Methane removal is a new field that explores whether there are ways to break down methane once it is already in the atmosphere faster than existing natural systems would on their own, mainly by enhancing methane’s natural removal processes. It could potentially play two important roles: (1) to address historical methane emissions in order to reduce near-term warming, lower peak temperature, and reduce natural feedback and tipping element risk, and (2) as a potential partial response to methane-emitting natural feedback loops and tipping elements to reduce how much these systems further accelerate warming. The ability of methane removal to accomplish these objectives will depend on which and whether approaches prove feasible, how quickly and broadly they may scale, and their inherent impact tradeoffs. It is not a “silver bullet” solution.
Methane removal approaches, should they prove feasible, would need to be deployed as part of a broad portfolio of other climate solutions, including greenhouse gas emissions reduction and carbon dioxide removal. These approaches may help to slow the rate of near-term warming, reduce peak temperatures, and lower the risk of natural feedbacks and tipping elements.
As the planet warms, certain climate feedbacks and tipping elements will result in increased greenhouse gas emissions. These include methane emitted from permafrost thaw and wetlands. Natural feedbacks and tipping elements have wide-ranging impacts beyond methane emissions, and should be avoided as much as possible for those reasons as well.
Permafrost thaw occurs via either gradual or abrupt processes and the nature of the thaw greatly impacts the ratio of carbon dioxide versus methane that is released. Abrupt thaw includes rapid erosion, depressions from sinking land known as thermokarsts, and other similar phenomena and is expected to occur when global temperature passes a threshold somewhere between 1.0-2.3°C, estimated at around 1.5°C. While there’s wide variation in estimates of impacts, recent research suggests that permafrost methane emissions may add approximately 0.02-0.1 °C to global average temperatures and 10-50 Mt/year to the global methane burden by 2100 under RCP4.5.
Wetlands are expected to produce more methane due to higher temperatures and changing precipitation patterns which expand wetland areas and increase the activity of methane-producing microbes. There’s early evidence that this is already starting to happen. These rising natural emissions are currently under-represented in IPCC climate models, and could lead to 30-160 Mt/yr of additional combined wetland and permafrost methane emissions above their baseline levels by 2100, which would add approximately 0.06-0.2°C to global average temperatures.

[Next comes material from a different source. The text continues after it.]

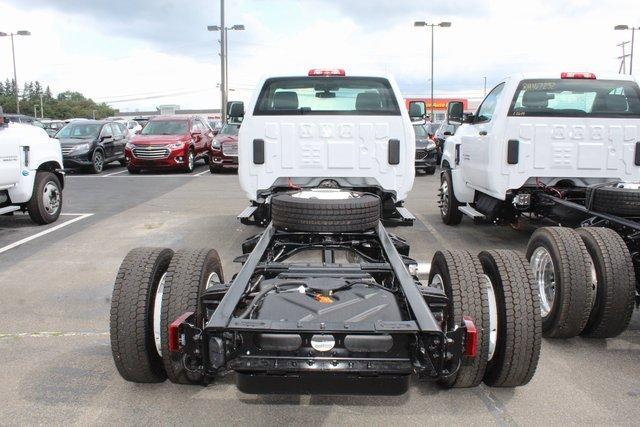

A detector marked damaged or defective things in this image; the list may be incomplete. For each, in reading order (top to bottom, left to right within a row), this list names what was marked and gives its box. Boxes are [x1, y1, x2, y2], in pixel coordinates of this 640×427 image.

Both wetlands and permafrost may emit even more methane than estimated, causing additional warming, human health, and ecosystem risks. Methane removal may be able to reduce some of this warming, helping to lower global temperatures, reduce overall climate impacts, and lower the risk of additional tipping elements and natural feedbacks. Climate mitigation remains the top priority, including deep emissions cuts across all greenhouse gases and climate pollutants, and scaling up carbon dioxide removal to address historical carbon dioxide emissions—methane removal may prove to be an additional climate mitigation response.